EDIT: After more reading, I think the confusion here arises from the fact that Kaminski 2001 and the reference code use the passive rotation convention for their input (eq. 1 Kaminski 2001). So I guess things are fine. It might be worth clarifying the rotation conventions for the input in the eventual documentation.

adigitoleo avatar Mar 21 '22 00:03 adigitoleo

@gassmoeller Thanks for the review. I have addressed you comments.

You currently copy all properties from its storage location into new vectors in pack/unpack_data only because you can access them more conveniently that way. The same could be done by having utility functions, e.g. get_mineral_volume_fraction(i_mineral) or get_grain_volume_fraction(i_mineral, i_grain), etc.. That way only these utility functions would need to know about the data layout. Do you think it would be better to have such accessor functions and not create new vectors for all your properties?

I would agree that that is the better option, but it would be a significant amount of extra work for making, integrating and testing the new functions. Since I already have test that this works and I don't think the gain will big enough to delay this pull request any further. It can be refactored later.

@adigitoleo Thank you for your comments. There are many ways to put together Euler angles, and Euler angles also have some issues with for example gimbal lock. That is the reaons the code is written that is internally uses rotation matrices. I agree that when we allow Euler angles for input and output, it needs to be documented well, but that will happen in a follow up pull request. Let me know if I misunderstood you comments.

MFraters avatar May 21 '22 03:05 MFraters

@gassmoeller I rebased as discussed. Let me know if you have any other comments.

@bobmyhill since your review status is still on changes requested, can I request a re-review? Thanks!

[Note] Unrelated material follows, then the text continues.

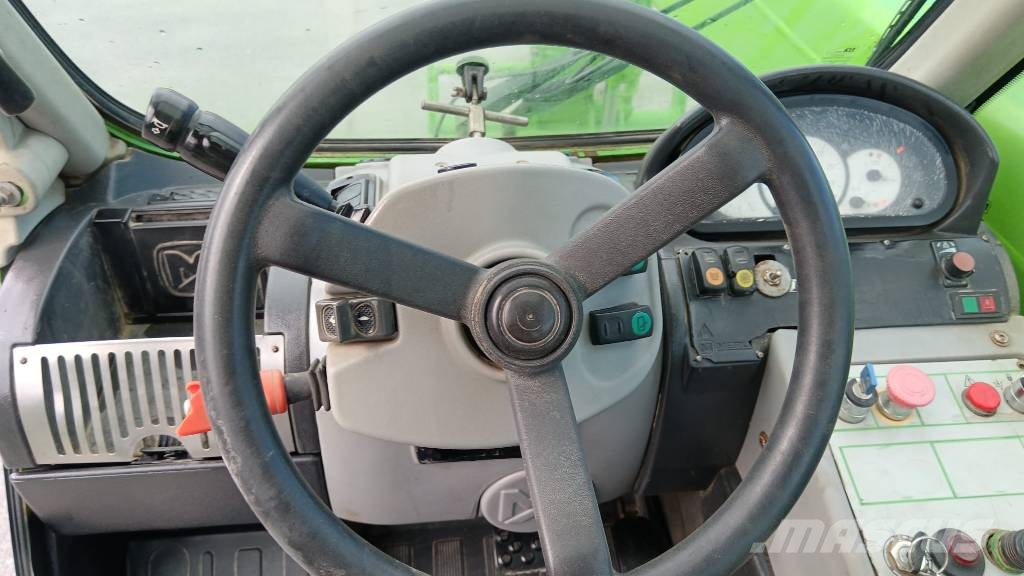 Merlo 38.16S مناولات متداخلة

MFraters avatar Sep 04 '22 15:09 MFraters

I am not sure what happened, because I am sure I had work on a version in which I removed the pack and unpack functions (which I thought I put here), but I haven't been able to find it. I should have noticed that, so sorry for that. I removed them again in favor of function which directly access the data array. The only data which is stored locally now is the matrix, since it is a lot easier to to the calculations with that. But that is now only done where it is needed.

I decided to remove the Crank-Nicolson since it adds quite a bit of complexity, while also being much more expensive without having much evidence that it is much more accurate in practice. If desired it can always be added back in later.

I also change the random number generator to mt19937 as suggested and made sure to do it in a separate commit, which worked before (and after) the change.

I went through all the unresolved comments, and made sure that they are resolved and set to resolved. Let me know if there are any other comments.

MFraters avatar Sep 21 '22 18:09 MFraters

@gassmoeller Thanks for the review. I have addressed your comments :)

MFraters avatar Oct 04 '22 15:10 MFraters

Thanks for the quick review! I have addressed your comments :)

MFraters avatar Oct 04 '22 18:10 MFraters

Thanks again for the quick review! hmm, I am fine with adding a changelog for this if you think it is important, but this pull request just adds some core infrastructure, which is not meant to be used yet. Wouldn't it be better to wait until some actual functionality is ready?